• **Task goal**
The records underneath are to be printed in full and exactly, with no pictures carried over.

━━ Input data

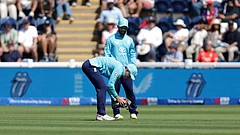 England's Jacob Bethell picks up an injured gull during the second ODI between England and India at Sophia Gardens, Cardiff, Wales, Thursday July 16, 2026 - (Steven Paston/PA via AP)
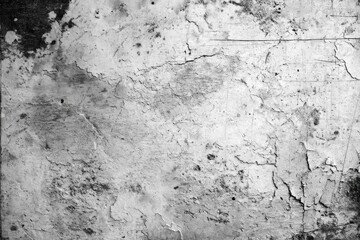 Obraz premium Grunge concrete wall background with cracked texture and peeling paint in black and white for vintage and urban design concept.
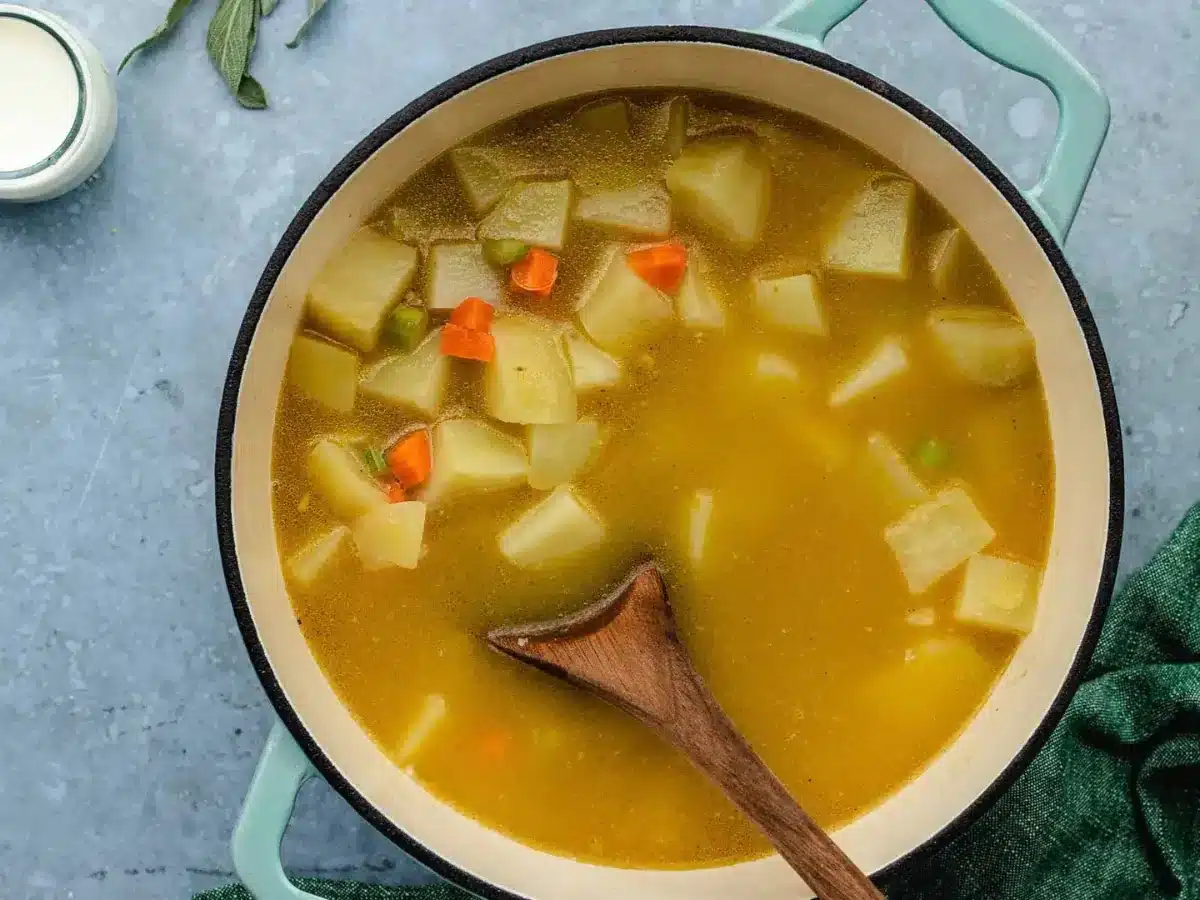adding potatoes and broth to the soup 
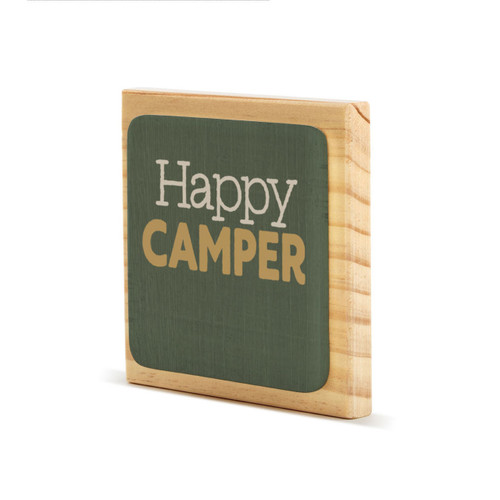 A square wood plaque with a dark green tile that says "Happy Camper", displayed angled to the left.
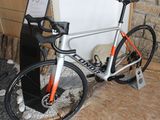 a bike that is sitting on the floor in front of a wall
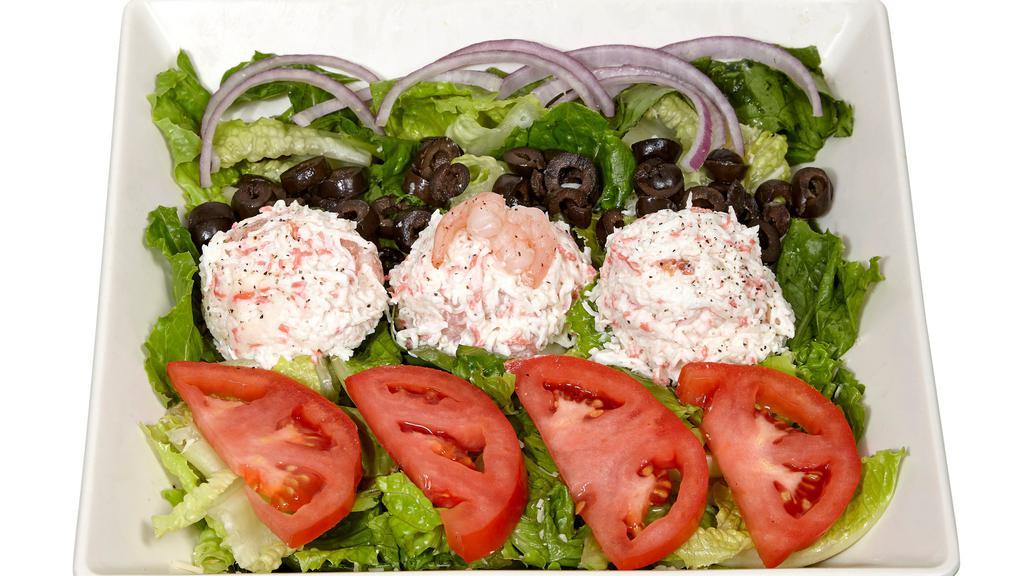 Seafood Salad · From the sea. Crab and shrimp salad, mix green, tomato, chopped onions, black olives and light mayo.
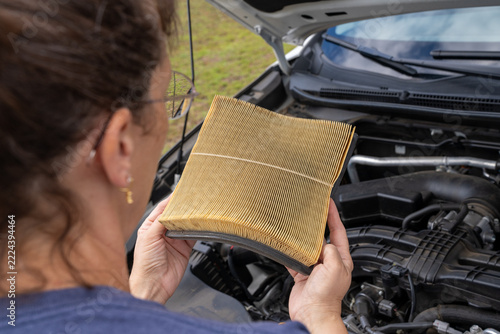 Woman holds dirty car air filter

━━━━

• **Solution for this problem**
 England's Jacob Bethell picks up an injured gull during the second ODI between England and India at Sophia Gardens, Cardiff, Wales, Thursday July 16, 2026 - (Steven Paston/PA via AP)
 Obraz premium Grunge concrete wall background with cracked texture and peeling paint in black and white for vintage and urban design concept.
adding potatoes and broth to the soup 
 A square wood plaque with a dark green tile that says "Happy Camper", displayed angled to the left.
 a bike that is sitting on the floor in front of a wall
 Seafood Salad · From the sea. Crab and shrimp salad, mix green, tomato, chopped onions, black olives and light mayo.
 Woman holds dirty car air filter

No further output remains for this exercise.